The only other time an Indian government was similarly tongue-tied in dealings with its own diplomats was in the weeks following the demolition of the Babri Masjid.
Senior ambassadors were called to New Delhi, but then they were left to hang around South Block for days as confusion reigned in the then Prime Minister’s Office and no one anywhere on Raisina Hill had any answers to questions that these ambassadors may have asked.
In an attempt to reconstruct what actually transpired in Sharm-el-Sheikh, this correspondent has discovered that within the Indian delegation, there was no discussion, no tossing of words or no effort to nuance potentially sensitive disagreements in the crafting of the joint statement.

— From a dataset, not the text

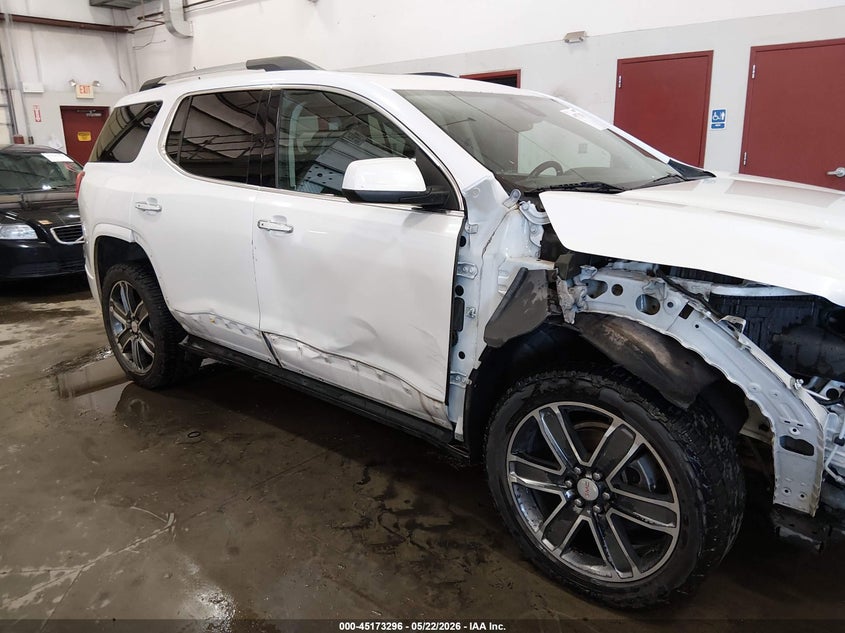 2017 GMC Acadia Denali VIN: 1GKKNXLS3HZ146355 Lot: 45173296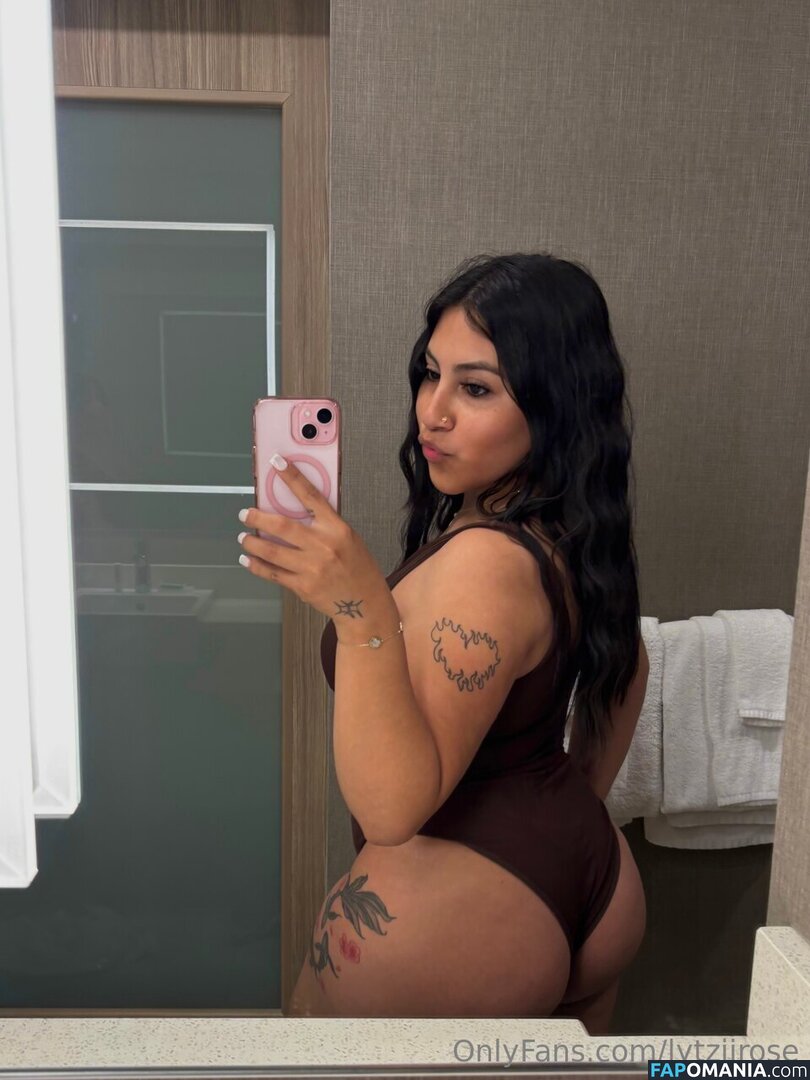 lytzirose Naakt OnlyFans  Gelekte foto #4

Everything that is the norm in drafting a document of this kind was jettisoned in Sharm-el-Sheikh and a veil of secrecy was thrown on the entire process on the Indian side.
T.C.A. Raghavan is South Block’s point man on Pakistan, a former deputy high commissioner in Islamabad who could have provided inputs to Prime Minister Singh and avoided the predicament in which the UPA government now finds itself trapped on cross-border relations. But Raghavan was not taken to Sharm-el-Sheikh.
The explanation in South Block for not including Raghavan in the team that went to Sharm-el-Sheikh is that gem of an excuse civil servants revel in: there is no precedent.
This correspondent was told that the only time a joint secretary in charge of Pakistan was taken to an Indo-Pak summit held on the sidelines of another meeting was when Atal Bihari Vajpayee went for the UN General Assembly and met Pervez Musharraf in New York on its sidelines.
That is not entirely true, but that is beside the point. Vivek Katju, the joint secretary who accompanied at least two Prime Ministers to summit meetings with Pakistanis was in Sharm-el-Sheikh in a different capacity. He is now special secretary in charge of international organisations: that included the non-aligned movement whose summit was what brought Singh and Gilani to Sharm-el-Sheikh in the first place.
This correspondent has established that Katju was kept completely in the dark about the joint statement that was in the works in Sharm-el-Sheikh. He could have been consulted for a second opinion, if only because he handled Pakistan during the Kargil crisis. Besides, he would have been a touchstone precisely about the sensitivities on what has now given the UPA a bad name in its dealings with Pakistan.
Katju is a Kashmiri and has professed a hard line towards Islamabad throughout his professional life.
Or, maybe, it was precisely for that reason that Katju was kept in the dark. In Sharm-el-Sheikh, by the time Katju first read the joint statement, it had already been issued as a media release. He held his head between his hands and stared at the document in disbelief, according to a colleague who was with him at that time.
Sources who worked closely with the then foreign secretary in Sharm-el-Sheikh said that in the days prior to the summit, Menon and his Pakistani counterpart Salman Bashir — whose visceral hatred of India is well known — sat down several times but they were poles apart on a joint statement.
However, at the end of the one-on-one meeting between the two Prime Ministers, they summoned Menon and Bashir and told them to finalise a joint statement.
At this point, Singh made a big mistake which is haunting him now. Instead of seizing the initiative and telling the two foreign secretaries what to put into the statement, Singh left it to Gilani to define the contents of the statement, which he ably did — the way his country wanted it.
That outline contained the reference to Balochistan and delinked terrorism from the bilateral dialogue framework. Singh suggested some amendments, but the changes he suggested did not specifically exclude references to Balochistan or to the composite dialogue. Like good civil servants, Menon and Bashir received their orders and dutifully produced a joint statement that their bosses wanted.